Comment by mrkeen

Comment by mrkeen a day ago

18 replies

This stuck out:

  email_t theEmail = parseEmail(untrustedInput);
  if (theEmail == PARSE_ERROR) {
    return error;
  }
An email_t is not a parse error, and a parse error is not one of the emails, so this shouldn't compile (and I don't take 'pseudocode' as an excuse).
parkcedar a day ago

> and I don't take 'pseudocode' as an excuse

Weird hill to die on, since neither email_t nor PARSE_ERROR were defined in the sample snippets. How do you know PARSE_ERROR is not email_t?

  • mrkeen a day ago

    It's the parse-versus-validate hill in this case.

    This pseudocode is "Validate" for at least 3 reasons:

    Forgetting to check:

      this check is fragile: it’s extremely easy to forget.

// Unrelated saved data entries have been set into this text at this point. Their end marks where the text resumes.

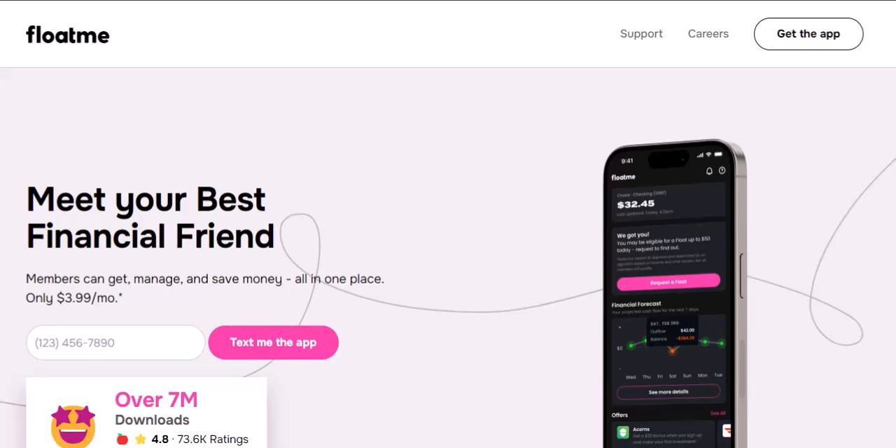Let's talk about FloatMe. It's one of those apps that's been making waves in the financial world, promising to be your go-to solution for those pesky between-paychecks moments. But as with anything that sounds too good to be true, there's always a catch, right? So let's dive into the nitty-gritty and figure out exactly what you're shelling out for when you sign up for FloatMe.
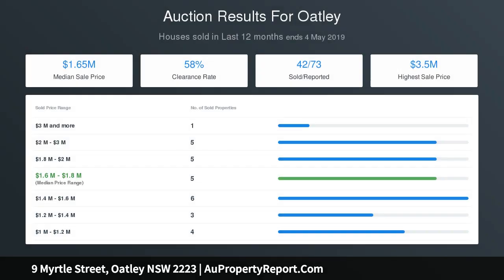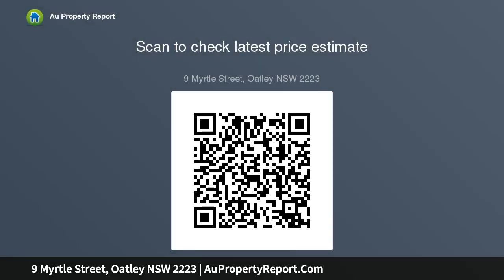Additional features include ducted air conditioning, an in-ground chlorine pool, two separate barbecue areas, and a five-minute walk to shops, schools and station.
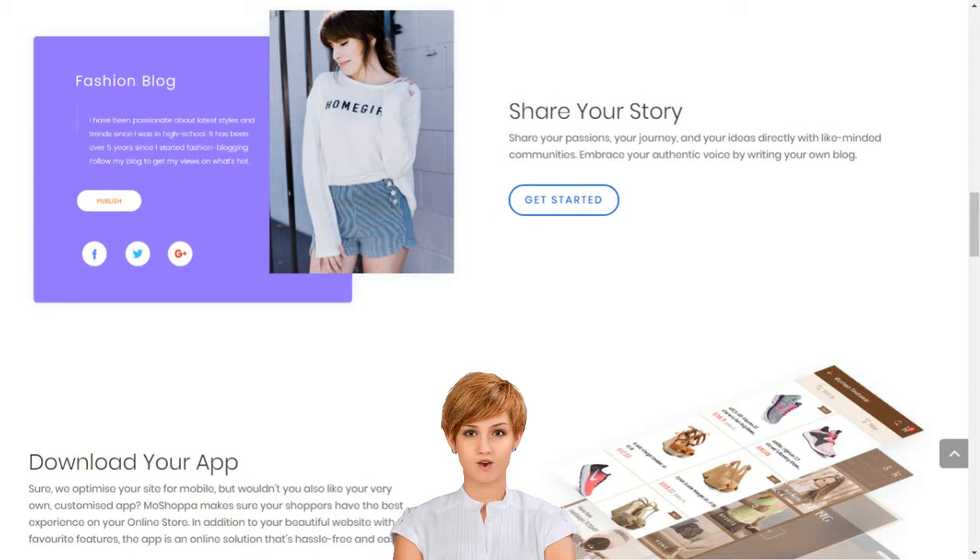Moshopa will build you a personalized e-commerce website and app with over 7,000 brands and 1 billion products, complete with professional templates, texts, images, blogs, secure hosting, SEO and more.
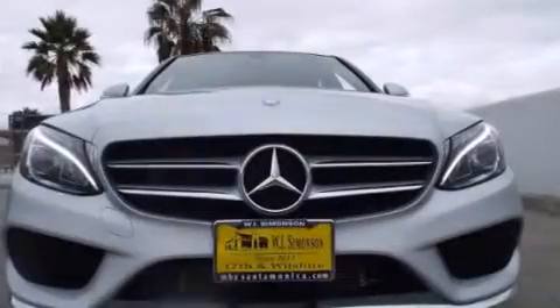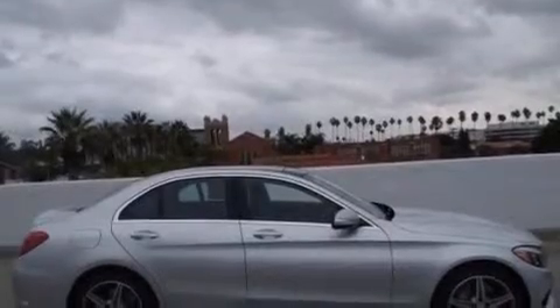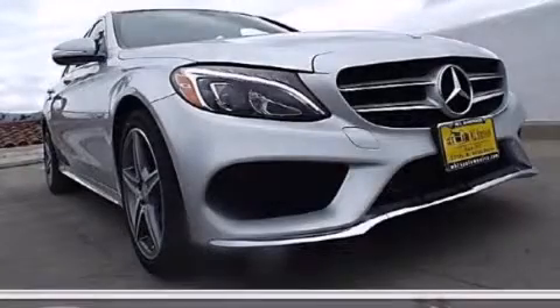With an EPA estimated rating of 31 miles per gallon on the highway, fuel efficiency does not take a back seat. Contact us today to schedule your opportunity to see this automobile in person.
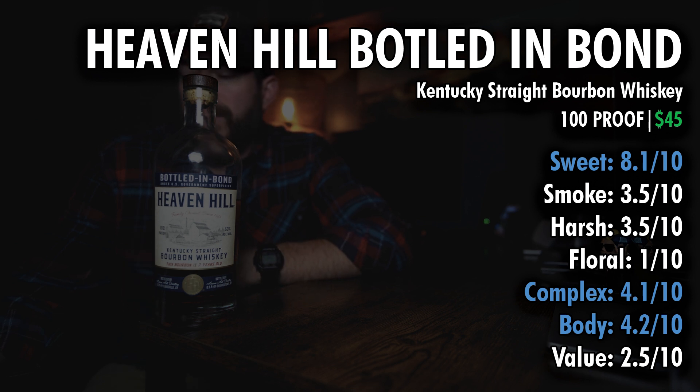Complexity, 4.1. Body, 4.2 — it's pretty thin feeling and it doesn't really dance on your taste buds very long. There's not a lot of complexity. Value, I got a 2.5, and that might be a little bit high in my opinion for $45.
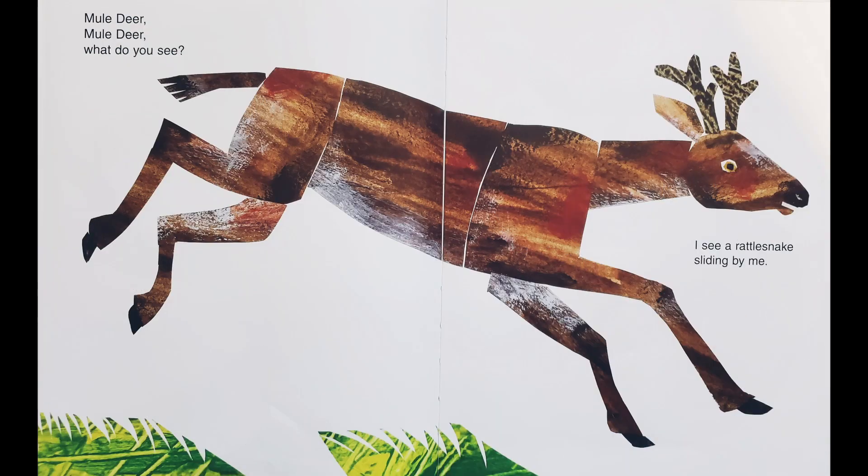Mule deer, mule deer, what do you see? I see a rattlesnake sliding by me.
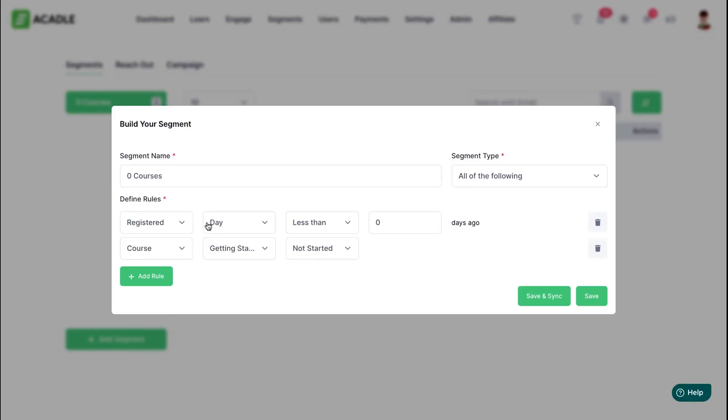Now, if you want to get granular, you'll love the segments feature. Segments lets you target specific users based on anything — course progress, location, whatever. Then you can also send personalized emails automatically.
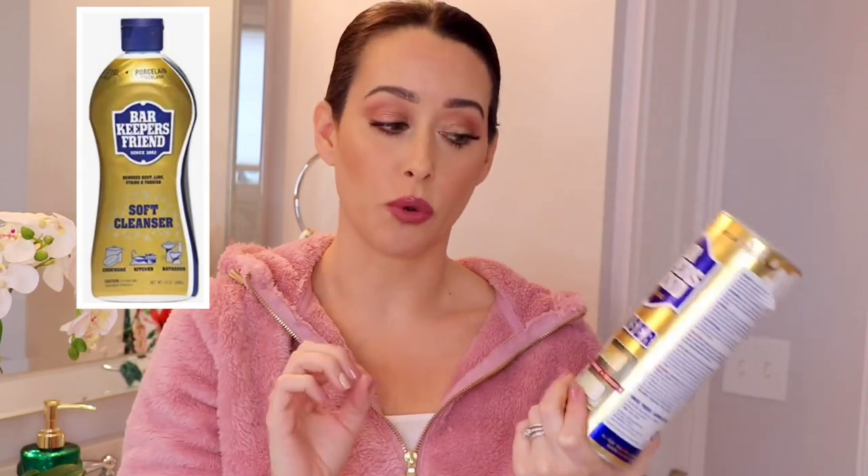So my first tip, which is so amazing, especially if you have shower glass, is using Barkeeper's Friend. This is going to knock out any pesky water stains or calcium and lime buildup. I like to do this at least once a month, or even more frequently depending on whether I'm using my squeegee and towel drying after every single shower. If you're having major issues with your glass and it just looks dirty, this is really going to take care of things. I like to use either the cleanser or the gel — the gel works really well too.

Because its return value is unused, it can always be omitted, and the code that needs it would still typecheck.
    
    Repeatable/redundant checks:

      First, it’s just annoying. We already checked that the list is non-empty, why do we have to clutter our code with another redundant check?
    
      Second, it has a potential performance cost. Although the cost of the redundant check is trivial in this particular example, one could imagine a more complex scenario where the redundant checks could add up, such as if they were happening in a tight loop.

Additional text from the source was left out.